Ogólnie rzecz ujmując, stylistykę Hostii określić można jako szeroko
rozumiany grindcore. To właściwe określenie, jednak zaznaczyć trzeba, że
nie jest to stricte jednolity materiał, który przez cały czas brzmi
dokładnie tak samo. Zawarta w nim mieszanka, a raczej dodatki różnych
stylów, są zauważalne, a dokładniejszym opisem zapewne będą tagi z
bandcampu grupy: „death metal, groove metal, metal, goregrind, grindcore, hardcore”.
Wszystko idealnie ze sobą wymieszane i podane w interesującej formie.
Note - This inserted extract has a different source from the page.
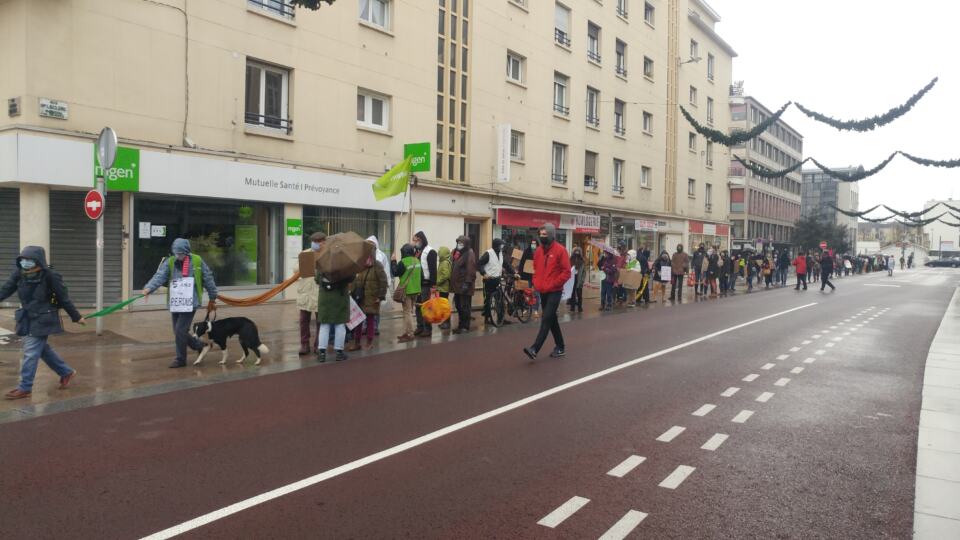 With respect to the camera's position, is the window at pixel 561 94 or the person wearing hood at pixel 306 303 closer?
the person wearing hood at pixel 306 303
Nie znaczy to, że „Hostia” opiera się na zestawianiu kontrastów. Utwory
są mniej lub bardziej zróżnicowane, ale bez przesady – pasują do siebie,
płynnie przechodząc z jednego w kolejny. Nie ma tu podziału całości na
wyraźne, łączone na siłę części. Nie uświadczy się także eksplozji
pojedynczych hitów z dodatkiem zwykłych wypełniaczy, wydłużających czas
trwania albumu. Ostrzał jest zmasowany od początku do samego końca, a
wszystkie utwory równie dobre. Mimo to, warto wspomnieć o „Killed By
Life [All Hail Lemmy]”, czyli Motörhead w goregrindowej wersji oraz „Not
Really A Christian Song”, w którym zawołanie wokalisty przypomina
elvisowe „One for the money, two for the show (…)”. Hostia, to szybka
rozwałka w trzynastu błyskawicznych odsłonach, a każda z nich tłucze
twardo w łeb jak klasyczne rowerowe „OTB”. Z tym, proszę Państwa,
przychodzi się mierzyć słuchając niniejszego wydawnictwa.
Album jest całkiem przystępny w odbiorze i chłonie się go z łatwością.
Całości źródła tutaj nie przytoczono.